• **WORK REQUIRED**: The complete listing should be restated word for word.

• **DATA SUPPLIED**:

━━━━━━━━━━━━━━━━━━━━━━━━━━━━━━

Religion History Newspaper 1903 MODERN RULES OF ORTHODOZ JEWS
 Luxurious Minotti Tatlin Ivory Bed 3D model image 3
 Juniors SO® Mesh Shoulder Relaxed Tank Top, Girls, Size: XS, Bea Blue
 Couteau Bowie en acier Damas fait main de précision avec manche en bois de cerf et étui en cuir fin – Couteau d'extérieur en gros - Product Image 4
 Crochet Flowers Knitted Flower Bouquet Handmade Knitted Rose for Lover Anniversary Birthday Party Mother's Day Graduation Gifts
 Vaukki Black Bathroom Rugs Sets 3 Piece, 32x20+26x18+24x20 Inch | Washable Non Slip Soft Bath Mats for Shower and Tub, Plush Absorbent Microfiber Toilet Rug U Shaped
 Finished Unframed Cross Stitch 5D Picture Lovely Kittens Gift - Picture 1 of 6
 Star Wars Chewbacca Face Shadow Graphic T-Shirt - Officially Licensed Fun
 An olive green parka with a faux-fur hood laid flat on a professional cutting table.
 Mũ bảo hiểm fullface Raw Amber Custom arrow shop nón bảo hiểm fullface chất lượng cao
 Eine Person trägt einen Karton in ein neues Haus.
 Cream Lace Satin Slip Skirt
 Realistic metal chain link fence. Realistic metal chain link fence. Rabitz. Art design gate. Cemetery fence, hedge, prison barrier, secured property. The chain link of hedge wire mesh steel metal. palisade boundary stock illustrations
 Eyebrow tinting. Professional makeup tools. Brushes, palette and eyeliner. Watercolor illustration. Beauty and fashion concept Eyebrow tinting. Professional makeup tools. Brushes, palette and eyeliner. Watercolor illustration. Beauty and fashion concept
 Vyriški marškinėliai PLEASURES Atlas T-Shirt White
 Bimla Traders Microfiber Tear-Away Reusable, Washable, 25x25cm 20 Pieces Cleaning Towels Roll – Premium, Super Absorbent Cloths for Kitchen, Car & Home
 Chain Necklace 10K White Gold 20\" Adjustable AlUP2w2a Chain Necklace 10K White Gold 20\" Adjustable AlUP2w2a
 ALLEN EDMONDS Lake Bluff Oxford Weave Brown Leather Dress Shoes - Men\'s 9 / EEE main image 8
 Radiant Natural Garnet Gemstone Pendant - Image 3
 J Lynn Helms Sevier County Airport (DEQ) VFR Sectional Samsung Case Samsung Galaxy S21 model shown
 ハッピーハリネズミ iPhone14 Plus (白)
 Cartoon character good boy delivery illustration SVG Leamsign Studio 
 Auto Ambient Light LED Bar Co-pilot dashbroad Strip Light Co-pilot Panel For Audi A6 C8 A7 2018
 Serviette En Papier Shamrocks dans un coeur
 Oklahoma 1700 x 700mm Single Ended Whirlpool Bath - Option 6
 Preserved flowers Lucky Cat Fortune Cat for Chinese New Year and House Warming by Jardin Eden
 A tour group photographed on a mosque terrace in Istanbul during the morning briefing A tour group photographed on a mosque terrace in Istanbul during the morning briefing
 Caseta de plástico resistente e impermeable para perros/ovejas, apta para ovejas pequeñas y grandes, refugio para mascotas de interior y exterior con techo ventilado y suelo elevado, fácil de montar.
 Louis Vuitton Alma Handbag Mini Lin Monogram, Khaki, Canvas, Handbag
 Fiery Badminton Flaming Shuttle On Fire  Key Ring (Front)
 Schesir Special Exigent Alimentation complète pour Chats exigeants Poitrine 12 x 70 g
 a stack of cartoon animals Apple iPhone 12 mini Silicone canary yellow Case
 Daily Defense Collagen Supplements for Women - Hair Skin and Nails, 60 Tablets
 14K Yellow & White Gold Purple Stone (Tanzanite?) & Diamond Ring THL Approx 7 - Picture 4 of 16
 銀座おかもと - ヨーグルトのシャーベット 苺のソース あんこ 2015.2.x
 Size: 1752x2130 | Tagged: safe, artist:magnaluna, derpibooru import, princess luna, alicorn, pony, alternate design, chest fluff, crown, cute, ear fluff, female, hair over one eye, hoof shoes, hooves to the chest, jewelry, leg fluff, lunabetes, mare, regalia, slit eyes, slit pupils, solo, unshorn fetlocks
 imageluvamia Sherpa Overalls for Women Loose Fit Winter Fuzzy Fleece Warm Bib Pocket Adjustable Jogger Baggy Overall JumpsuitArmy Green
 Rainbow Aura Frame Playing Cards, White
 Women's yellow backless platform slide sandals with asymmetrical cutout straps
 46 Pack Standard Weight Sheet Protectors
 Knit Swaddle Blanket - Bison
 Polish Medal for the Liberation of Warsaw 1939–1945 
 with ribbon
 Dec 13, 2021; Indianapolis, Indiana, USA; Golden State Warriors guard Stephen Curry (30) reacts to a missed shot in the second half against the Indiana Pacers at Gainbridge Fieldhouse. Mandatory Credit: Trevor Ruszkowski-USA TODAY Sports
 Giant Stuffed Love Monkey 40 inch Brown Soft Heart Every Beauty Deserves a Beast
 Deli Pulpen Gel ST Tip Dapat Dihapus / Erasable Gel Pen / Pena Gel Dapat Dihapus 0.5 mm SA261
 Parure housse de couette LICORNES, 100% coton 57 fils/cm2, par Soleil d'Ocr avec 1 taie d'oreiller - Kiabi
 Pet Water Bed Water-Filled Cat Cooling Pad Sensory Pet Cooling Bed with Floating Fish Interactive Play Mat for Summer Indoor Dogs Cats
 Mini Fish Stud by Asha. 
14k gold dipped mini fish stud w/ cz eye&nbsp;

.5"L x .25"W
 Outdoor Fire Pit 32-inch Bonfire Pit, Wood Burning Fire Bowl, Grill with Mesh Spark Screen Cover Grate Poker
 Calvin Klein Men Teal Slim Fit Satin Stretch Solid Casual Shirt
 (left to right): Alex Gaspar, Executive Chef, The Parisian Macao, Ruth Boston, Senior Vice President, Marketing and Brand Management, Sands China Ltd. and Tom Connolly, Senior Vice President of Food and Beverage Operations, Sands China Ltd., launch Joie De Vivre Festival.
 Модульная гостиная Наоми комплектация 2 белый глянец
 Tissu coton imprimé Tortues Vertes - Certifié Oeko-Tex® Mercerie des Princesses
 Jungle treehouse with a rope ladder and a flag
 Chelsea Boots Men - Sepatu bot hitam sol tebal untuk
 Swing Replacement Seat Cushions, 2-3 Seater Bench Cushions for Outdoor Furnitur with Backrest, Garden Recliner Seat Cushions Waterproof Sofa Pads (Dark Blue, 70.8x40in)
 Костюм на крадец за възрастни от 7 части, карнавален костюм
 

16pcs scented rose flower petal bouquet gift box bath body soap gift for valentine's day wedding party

━━━━━━━━━━━━━━━━━━━━━━━━━━━━━━

• **ANSWER BELOW**:
Religion History Newspaper 1903 MODERN RULES OF ORTHODOZ JEWS
 Luxurious Minotti Tatlin Ivory Bed 3D model image 3
 Juniors SO® Mesh Shoulder Relaxed Tank Top, Girls, Size: XS, Bea Blue
 Couteau Bowie en acier Damas fait main de précision avec manche en bois de cerf et étui en cuir fin – Couteau d'extérieur en gros - Product Image 4
 Crochet Flowers Knitted Flower Bouquet Handmade Knitted Rose for Lover Anniversary Birthday Party Mother's Day Graduation Gifts
 Vaukki Black Bathroom Rugs Sets 3 Piece, 32x20+26x18+24x20 Inch | Washable Non Slip Soft Bath Mats for Shower and Tub, Plush Absorbent Microfiber Toilet Rug U Shaped
 Finished Unframed Cross Stitch 5D Picture Lovely Kittens Gift - Picture 1 of 6
 Star Wars Chewbacca Face Shadow Graphic T-Shirt - Officially Licensed Fun
 An olive green parka with a faux-fur hood laid flat on a professional cutting table.
 Mũ bảo hiểm fullface Raw Amber Custom arrow shop nón bảo hiểm fullface chất lượng cao
 Eine Person trägt einen Karton in ein neues Haus.
 Cream Lace Satin Slip Skirt
 Realistic metal chain link fence. Realistic metal chain link fence. Rabitz. Art design gate. Cemetery fence, hedge, prison barrier, secured property. The chain link of hedge wire mesh steel metal. palisade boundary stock illustrations
 Eyebrow tinting. Professional makeup tools. Brushes, palette and eyeliner. Watercolor illustration. Beauty and fashion concept Eyebrow tinting. Professional makeup tools. Brushes, palette and eyeliner. Watercolor illustration. Beauty and fashion concept
 Vyriški marškinėliai PLEASURES Atlas T-Shirt White
 Bimla Traders Microfiber Tear-Away Reusable, Washable, 25x25cm 20 Pieces Cleaning Towels Roll – Premium, Super Absorbent Cloths for Kitchen, Car & Home
 Chain Necklace 10K White Gold 20\" Adjustable AlUP2w2a Chain Necklace 10K White Gold 20\" Adjustable AlUP2w2a
 ALLEN EDMONDS Lake Bluff Oxford Weave Brown Leather Dress Shoes - Men\'s 9 / EEE main image 8
 Radiant Natural Garnet Gemstone Pendant - Image 3
 J Lynn Helms Sevier County Airport (DEQ) VFR Sectional Samsung Case Samsung Galaxy S21 model shown
 ハッピーハリネズミ iPhone14 Plus (白)
 Cartoon character good boy delivery illustration SVG Leamsign Studio 
 Auto Ambient Light LED Bar Co-pilot dashbroad Strip Light Co-pilot Panel For Audi A6 C8 A7 2018
 Serviette En Papier Shamrocks dans un coeur
 Oklahoma 1700 x 700mm Single Ended Whirlpool Bath - Option 6
 Preserved flowers Lucky Cat Fortune Cat for Chinese New Year and House Warming by Jardin Eden
 A tour group photographed on a mosque terrace in Istanbul during the morning briefing A tour group photographed on a mosque terrace in Istanbul during the morning briefing
 Caseta de plástico resistente e impermeable para perros/ovejas, apta para ovejas pequeñas y grandes, refugio para mascotas de interior y exterior con techo ventilado y suelo elevado, fácil de montar.
 Louis Vuitton Alma Handbag Mini Lin Monogram, Khaki, Canvas, Handbag
 Fiery Badminton Flaming Shuttle On Fire  Key Ring (Front)
 Schesir Special Exigent Alimentation complète pour Chats exigeants Poitrine 12 x 70 g
 a stack of cartoon animals Apple iPhone 12 mini Silicone canary yellow Case
 Daily Defense Collagen Supplements for Women - Hair Skin and Nails, 60 Tablets
 14K Yellow & White Gold Purple Stone (Tanzanite?) & Diamond Ring THL Approx 7 - Picture 4 of 16
 銀座おかもと - ヨーグルトのシャーベット 苺のソース あんこ 2015.2.x
 Size: 1752x2130 | Tagged: safe, artist:magnaluna, derpibooru import, princess luna, alicorn, pony, alternate design, chest fluff, crown, cute, ear fluff, female, hair over one eye, hoof shoes, hooves to the chest, jewelry, leg fluff, lunabetes, mare, regalia, slit eyes, slit pupils, solo, unshorn fetlocks
 imageluvamia Sherpa Overalls for Women Loose Fit Winter Fuzzy Fleece Warm Bib Pocket Adjustable Jogger Baggy Overall JumpsuitArmy Green
 Rainbow Aura Frame Playing Cards, White
 Women's yellow backless platform slide sandals with asymmetrical cutout straps
 46 Pack Standard Weight Sheet Protectors
 Knit Swaddle Blanket - Bison
 Polish Medal for the Liberation of Warsaw 1939–1945 
 with ribbon
 Dec 13, 2021; Indianapolis, Indiana, USA; Golden State Warriors guard Stephen Curry (30) reacts to a missed shot in the second half against the Indiana Pacers at Gainbridge Fieldhouse. Mandatory Credit: Trevor Ruszkowski-USA TODAY Sports
 Giant Stuffed Love Monkey 40 inch Brown Soft Heart Every Beauty Deserves a Beast
 Deli Pulpen Gel ST Tip Dapat Dihapus / Erasable Gel Pen / Pena Gel Dapat Dihapus 0.5 mm SA261
 Parure housse de couette LICORNES, 100% coton 57 fils/cm2, par Soleil d'Ocr avec 1 taie d'oreiller - Kiabi
 Pet Water Bed Water-Filled Cat Cooling Pad Sensory Pet Cooling Bed with Floating Fish Interactive Play Mat for Summer Indoor Dogs Cats
 Mini Fish Stud by Asha. 
14k gold dipped mini fish stud w/ cz eye&nbsp;

.5"L x .25"W
 Outdoor Fire Pit 32-inch Bonfire Pit, Wood Burning Fire Bowl, Grill with Mesh Spark Screen Cover Grate Poker
 Calvin Klein Men Teal Slim Fit Satin Stretch Solid Casual Shirt
 (left to right): Alex Gaspar, Executive Chef, The Parisian Macao, Ruth Boston, Senior Vice President, Marketing and Brand Management, Sands China Ltd. and Tom Connolly, Senior Vice President of Food and Beverage Operations, Sands China Ltd., launch Joie De Vivre Festival.
 Модульная гостиная Наоми комплектация 2 белый глянец
 Tissu coton imprimé Tortues Vertes - Certifié Oeko-Tex® Mercerie des Princesses
 Jungle treehouse with a rope ladder and a flag
 Chelsea Boots Men - Sepatu bot hitam sol tebal untuk
 Swing Replacement Seat Cushions, 2-3 Seater Bench Cushions for Outdoor Furnitur with Backrest, Garden Recliner Seat Cushions Waterproof Sofa Pads (Dark Blue, 70.8x40in)
 Костюм на крадец за възрастни от 7 части, карнавален костюм
 

16pcs scented rose flower petal bouquet gift box bath body soap gift for valentine's day wedding party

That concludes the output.